Pénurie de wagons-lits en Europe

Il y a en outre un problème au niveau du matériel roulant ferroviaire. Les CFF ne disposent pas de leurs propres voitures ou wagons pour les trains de nuit. Et cette situation ne devrait pas changer dans un avenir proche. Ainsi, si les lignes vers Rome et Barcelone aboutissent, les trains seraient fournis par les ÖBB.

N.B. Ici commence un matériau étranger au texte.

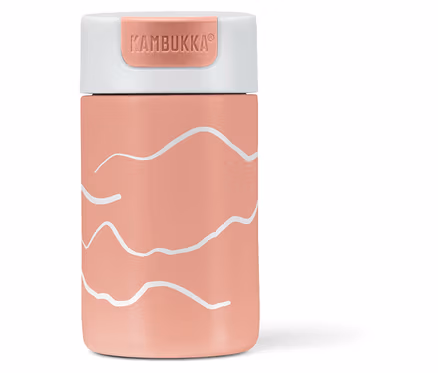 Termohrnek Kambukka To-Go-Becher X Pantone, Muted Clay.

Et c'est là que les choses se compliquent: selon Kurt Metz, spécialiste des chemins de fer, il y a actuellement une pénurie de voitures-lits et de voitures-couchettes dans toute l’Europe. «La production des nouveaux Nightjets ÖBB est retardée», explique-t-il. D'un point de vue commercial, ils ne devraient être mis en service qu’à partir de l’automne 2023 au lieu du printemps. Selon lui, cette situation serait due au fait que le fabricant Siemens a rencontré des problèmes avec ses fournisseurs pendant la pandémie.

Problème de rentabilité

Mais ce n’est pas le seul problème: malgré une forte demande dans le trafic ferroviaire international de voyageurs – selon les CFF, le trafic des trains de nuit a déjà retrouvé son niveau de l’année record 2019 –, l’activité des trains de nuit n'est pas rentable. Cela est dû à un déséquilibre inhérent au secteur d'activité: d'un côté, les coûts liés au personnel et au matériel roulant sont élevés, et de l'autre, les bénéfices sont limités en raison du nombre restreint de places disponibles.

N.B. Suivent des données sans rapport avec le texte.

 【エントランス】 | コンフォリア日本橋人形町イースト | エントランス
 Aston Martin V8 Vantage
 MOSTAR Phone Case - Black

Les chemins de fer autrichiens affirment toutefois avoir trouvé une solution pour exploiter les trains de nuit de manière rentable: permettre aux passagers locaux de voyager en fin de soirée et en début de matinée. Ce faisant, les trains de nuit génèrent des bénéfices plus importants. «À mon avis, c'est la raison pour laquelle la proportion de places assises dans les nouvelles compositions Nightjet est élevée», suggère Kurt Metz.

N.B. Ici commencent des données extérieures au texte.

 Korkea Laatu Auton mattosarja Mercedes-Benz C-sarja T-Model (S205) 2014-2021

Un réseau ferroviaire européen en pleine expansion

Le fait que les CFF aient pu relancer par leurs propres moyens les lignes vers Amsterdam et Prague, autrefois exploitées par la City Night Line, est à mettre à leur crédit, estime l'expert.

En raison de la forte demande, l’offre de places dans les trains de nuit à destination de Hambourg et de Berlin a été étendue lors du changement d’horaire du 11 décembre: jusqu’à présent, un seul train de nuit circulait en direction de Hambourg et Berlin et était séparé en cours de route; à l’avenir, deux trains de nuit partiront vers ces destinations au départ de Zurich.

Les trains de nuit sont à la mode en Europe. La France a mis en place un programme de développement de son réseau ferroviaire nocturne. Un train en provenance de Suède dessert à nouveau l’Allemagne. En Belgique, une société assure la liaison Bruxelles-Prague. Seule l’Espagne, qui mise exclusivement sur les trains à grande vitesse, ne semble pas suivre le mouvement.

Bientôt des trains de nuit «made in Switzerland»?

En Suisse, la demande de trajets en trains de nuit dépasse de loin l’offre, estime Kurt Metz. Selon lui, il serait dommage de ne pas pouvoir répondre à cette demande en couvrant les coûts. La solution? «Les trains de nuit doivent offrir plus que le transport nocturne à bas prix.» Autrement dit, des expériences de voyage luxueuses. «Les Suisses ont tendance à réserver des trains confortables et chers», conclut le spécialiste.

À cet égard, il est dommage que les CFF hésitent à construire leurs propres wagons-lits. Le constructeur suisse de trains Stadler Rail vient de prouver qu'il en est capable avec une grosse commande de voitures-couchettes destinée au Kazakhstan.